[Development] commas in ctor-init-lists

Edward Welbourne edward.welbourne at qt.io
Fri Jun 3 09:49:45 CEST 2016


Martin:
>> Nobody does that. We always write: * You bla, or you boo, or you foo,
>> and in this case we would normally write: You bla, you boo, or you
>> foo. Even better: You bla, boo, or foo. You are inventing problems
>> that don't exist.

yet, when the list items are too big to inline and a display list is
used, I would most certainly have
 * first thing,
 * subsequent ... things,
 * penultimate thing or
 * final thing.

with the or on the end of the penultimate entry.  Our coding style asks
for the equivalent of that "or" being on the start of the final thing.
I can even argue for why that makes a certain sense - it *is* easy to
miss that trailing "or" on the end of the penultimate item, which *can*
make it harder for the reader to tell whether this is an or-list or an
and-list.  Yet I do in fact use the style just illustrated and would
only use the other if I wanted to put particular emphasis on the "or".

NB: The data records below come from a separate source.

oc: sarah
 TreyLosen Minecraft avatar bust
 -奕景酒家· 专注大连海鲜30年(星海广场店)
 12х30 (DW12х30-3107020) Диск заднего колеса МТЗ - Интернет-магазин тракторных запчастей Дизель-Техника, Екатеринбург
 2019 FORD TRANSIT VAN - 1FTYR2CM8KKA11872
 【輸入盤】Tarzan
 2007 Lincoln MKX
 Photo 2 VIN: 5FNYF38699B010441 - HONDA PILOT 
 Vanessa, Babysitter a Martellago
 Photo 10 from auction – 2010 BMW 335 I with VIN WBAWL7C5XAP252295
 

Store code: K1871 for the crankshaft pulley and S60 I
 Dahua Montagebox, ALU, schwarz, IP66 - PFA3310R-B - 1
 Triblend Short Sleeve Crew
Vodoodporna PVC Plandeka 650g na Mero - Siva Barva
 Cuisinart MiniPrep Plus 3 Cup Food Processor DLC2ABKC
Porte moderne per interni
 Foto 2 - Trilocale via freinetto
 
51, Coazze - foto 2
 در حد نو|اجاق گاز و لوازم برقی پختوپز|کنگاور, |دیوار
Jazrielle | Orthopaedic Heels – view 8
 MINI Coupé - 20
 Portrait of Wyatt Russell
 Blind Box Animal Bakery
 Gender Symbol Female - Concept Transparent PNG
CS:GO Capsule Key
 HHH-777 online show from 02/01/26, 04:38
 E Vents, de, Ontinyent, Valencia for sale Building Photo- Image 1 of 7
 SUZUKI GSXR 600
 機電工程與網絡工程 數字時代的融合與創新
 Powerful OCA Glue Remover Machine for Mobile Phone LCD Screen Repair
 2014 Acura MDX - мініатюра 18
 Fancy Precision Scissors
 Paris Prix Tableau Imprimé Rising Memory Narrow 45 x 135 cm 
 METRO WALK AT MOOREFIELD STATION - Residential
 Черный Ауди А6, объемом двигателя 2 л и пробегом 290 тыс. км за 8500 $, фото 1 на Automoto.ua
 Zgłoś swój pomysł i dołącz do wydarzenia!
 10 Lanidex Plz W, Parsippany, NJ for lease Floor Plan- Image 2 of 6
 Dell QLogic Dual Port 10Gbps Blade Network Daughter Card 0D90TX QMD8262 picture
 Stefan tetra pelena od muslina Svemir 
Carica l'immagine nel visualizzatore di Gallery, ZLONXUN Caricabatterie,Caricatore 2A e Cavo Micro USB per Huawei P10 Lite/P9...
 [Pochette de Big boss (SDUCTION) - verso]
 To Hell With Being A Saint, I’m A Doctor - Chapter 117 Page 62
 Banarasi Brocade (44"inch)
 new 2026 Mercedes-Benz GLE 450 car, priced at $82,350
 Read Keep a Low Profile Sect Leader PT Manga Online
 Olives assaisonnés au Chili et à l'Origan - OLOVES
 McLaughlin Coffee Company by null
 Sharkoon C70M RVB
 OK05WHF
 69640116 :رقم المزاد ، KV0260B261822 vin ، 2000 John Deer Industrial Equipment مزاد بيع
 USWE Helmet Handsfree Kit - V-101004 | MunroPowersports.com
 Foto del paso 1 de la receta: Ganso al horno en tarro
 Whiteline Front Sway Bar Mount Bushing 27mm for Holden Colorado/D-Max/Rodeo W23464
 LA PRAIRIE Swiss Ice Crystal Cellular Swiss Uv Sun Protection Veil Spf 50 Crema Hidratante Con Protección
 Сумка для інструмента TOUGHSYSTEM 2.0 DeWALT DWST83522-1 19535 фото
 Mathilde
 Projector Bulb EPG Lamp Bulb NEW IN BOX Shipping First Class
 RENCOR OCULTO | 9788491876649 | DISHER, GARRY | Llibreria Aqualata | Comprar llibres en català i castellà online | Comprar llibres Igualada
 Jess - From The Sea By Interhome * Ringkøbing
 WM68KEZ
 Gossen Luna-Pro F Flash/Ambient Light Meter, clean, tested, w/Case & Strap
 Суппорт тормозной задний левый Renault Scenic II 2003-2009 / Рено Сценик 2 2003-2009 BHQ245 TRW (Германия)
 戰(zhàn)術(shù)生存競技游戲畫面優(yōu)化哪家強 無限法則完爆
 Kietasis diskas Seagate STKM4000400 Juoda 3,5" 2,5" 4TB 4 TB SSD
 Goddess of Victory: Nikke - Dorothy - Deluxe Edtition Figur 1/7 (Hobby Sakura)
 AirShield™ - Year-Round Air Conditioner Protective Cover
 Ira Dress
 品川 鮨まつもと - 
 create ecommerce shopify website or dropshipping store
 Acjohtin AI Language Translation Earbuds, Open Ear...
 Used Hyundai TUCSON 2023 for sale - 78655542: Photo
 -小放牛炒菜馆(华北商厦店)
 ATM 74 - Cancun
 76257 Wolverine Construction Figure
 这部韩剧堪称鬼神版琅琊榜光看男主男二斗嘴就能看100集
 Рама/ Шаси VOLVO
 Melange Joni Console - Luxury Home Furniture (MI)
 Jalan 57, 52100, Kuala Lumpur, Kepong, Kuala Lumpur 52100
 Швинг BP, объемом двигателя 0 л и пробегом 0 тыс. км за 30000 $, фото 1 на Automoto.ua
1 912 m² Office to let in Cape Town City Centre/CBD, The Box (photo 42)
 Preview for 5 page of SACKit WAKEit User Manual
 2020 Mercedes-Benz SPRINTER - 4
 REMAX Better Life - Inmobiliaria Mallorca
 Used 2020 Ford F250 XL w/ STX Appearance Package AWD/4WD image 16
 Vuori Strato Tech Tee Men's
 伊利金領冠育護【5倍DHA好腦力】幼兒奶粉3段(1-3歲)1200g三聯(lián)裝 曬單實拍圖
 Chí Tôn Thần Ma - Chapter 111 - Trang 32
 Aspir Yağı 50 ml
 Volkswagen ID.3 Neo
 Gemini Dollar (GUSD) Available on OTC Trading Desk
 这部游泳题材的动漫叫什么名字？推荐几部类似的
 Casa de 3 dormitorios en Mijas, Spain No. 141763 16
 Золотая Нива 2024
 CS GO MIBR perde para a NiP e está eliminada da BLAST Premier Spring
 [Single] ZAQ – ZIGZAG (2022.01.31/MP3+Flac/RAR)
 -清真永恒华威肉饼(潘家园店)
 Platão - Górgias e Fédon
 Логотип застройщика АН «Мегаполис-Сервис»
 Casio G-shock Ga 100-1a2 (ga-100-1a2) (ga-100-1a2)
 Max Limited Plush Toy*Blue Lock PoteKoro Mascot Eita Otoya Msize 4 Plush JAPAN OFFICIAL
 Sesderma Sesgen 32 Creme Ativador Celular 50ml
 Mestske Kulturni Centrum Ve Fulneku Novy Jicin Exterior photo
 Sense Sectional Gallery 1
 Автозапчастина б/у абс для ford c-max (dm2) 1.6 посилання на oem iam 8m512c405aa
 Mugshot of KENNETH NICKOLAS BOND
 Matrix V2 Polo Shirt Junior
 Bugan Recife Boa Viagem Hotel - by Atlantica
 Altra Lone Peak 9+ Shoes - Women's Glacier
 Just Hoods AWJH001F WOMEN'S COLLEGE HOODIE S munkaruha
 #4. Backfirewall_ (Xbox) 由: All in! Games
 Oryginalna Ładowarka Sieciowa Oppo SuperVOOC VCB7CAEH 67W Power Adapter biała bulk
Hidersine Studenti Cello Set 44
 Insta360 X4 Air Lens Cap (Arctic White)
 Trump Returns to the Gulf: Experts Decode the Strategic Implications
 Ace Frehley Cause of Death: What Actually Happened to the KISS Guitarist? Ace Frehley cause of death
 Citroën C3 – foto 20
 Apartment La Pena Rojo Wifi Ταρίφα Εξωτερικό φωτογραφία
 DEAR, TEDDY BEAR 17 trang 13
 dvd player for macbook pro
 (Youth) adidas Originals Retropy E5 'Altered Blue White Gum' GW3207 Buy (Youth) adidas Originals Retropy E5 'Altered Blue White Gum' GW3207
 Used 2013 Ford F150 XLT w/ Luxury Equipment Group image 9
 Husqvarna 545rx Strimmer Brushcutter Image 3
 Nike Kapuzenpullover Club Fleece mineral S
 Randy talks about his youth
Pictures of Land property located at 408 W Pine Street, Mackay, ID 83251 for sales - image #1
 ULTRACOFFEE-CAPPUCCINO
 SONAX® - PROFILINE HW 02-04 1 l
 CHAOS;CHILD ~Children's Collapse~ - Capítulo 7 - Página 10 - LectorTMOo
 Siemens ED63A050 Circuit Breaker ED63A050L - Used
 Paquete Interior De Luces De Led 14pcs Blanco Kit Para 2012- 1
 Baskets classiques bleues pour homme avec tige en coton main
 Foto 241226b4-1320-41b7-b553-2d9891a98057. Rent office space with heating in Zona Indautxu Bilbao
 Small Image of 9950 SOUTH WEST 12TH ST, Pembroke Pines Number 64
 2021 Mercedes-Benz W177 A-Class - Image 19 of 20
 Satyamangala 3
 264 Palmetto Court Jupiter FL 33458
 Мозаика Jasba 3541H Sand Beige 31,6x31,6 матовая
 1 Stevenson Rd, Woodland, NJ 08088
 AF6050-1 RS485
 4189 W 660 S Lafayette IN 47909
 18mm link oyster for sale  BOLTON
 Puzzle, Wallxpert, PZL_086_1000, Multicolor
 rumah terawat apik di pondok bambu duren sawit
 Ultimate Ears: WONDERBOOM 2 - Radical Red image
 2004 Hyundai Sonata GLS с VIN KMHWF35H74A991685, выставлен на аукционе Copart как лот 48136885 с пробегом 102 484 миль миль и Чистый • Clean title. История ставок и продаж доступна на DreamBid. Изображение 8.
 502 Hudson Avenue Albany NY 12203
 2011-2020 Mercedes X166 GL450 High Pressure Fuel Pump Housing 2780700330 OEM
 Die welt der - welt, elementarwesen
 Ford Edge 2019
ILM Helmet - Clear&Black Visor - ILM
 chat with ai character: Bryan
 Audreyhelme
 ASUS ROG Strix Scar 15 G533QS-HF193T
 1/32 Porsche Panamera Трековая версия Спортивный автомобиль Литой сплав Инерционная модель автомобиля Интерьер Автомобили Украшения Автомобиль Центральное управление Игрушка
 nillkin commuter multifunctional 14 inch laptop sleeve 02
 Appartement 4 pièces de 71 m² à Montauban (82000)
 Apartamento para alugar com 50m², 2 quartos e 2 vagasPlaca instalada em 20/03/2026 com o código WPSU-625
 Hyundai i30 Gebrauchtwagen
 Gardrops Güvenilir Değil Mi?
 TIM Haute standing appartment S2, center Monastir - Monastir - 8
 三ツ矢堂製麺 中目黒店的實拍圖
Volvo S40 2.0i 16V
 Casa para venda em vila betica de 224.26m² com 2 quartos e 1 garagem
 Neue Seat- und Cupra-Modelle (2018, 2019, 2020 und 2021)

However, as others have pointed out, arguing by analogy with typographic
practice in English is not really pertinent to the case in point.  This
is code; we put parentheses around things for quite different reasons
than English text does and we use commas differently, too.

André:
> So that means that our C++ code should look like this then?
>
> if (blah || boo || foo) {  //no line breaking allowed
>     something();
> }

No.  Our coding style quite explicitly says that you can split lines as
long as the operator appears at the start of the line.  I personally
find that butt-ugly; but it's what our coding style mandates so I go
along with it.  Regularity makes for ease of reading, once you are
familiar with the form being followed, as long as it's not too
perversely bad - so I tolerate that every job I've ever had has obliged
me to use a coding style I don't like.  I can think of a case where that
style was so bad it got in the way, but what we presently have as our
coding style is half-way decent and that's good enough for me.  There is
too much diversity of preference for any coding style to be blessed in
the eyes of all, so we live with a consensus all can endure.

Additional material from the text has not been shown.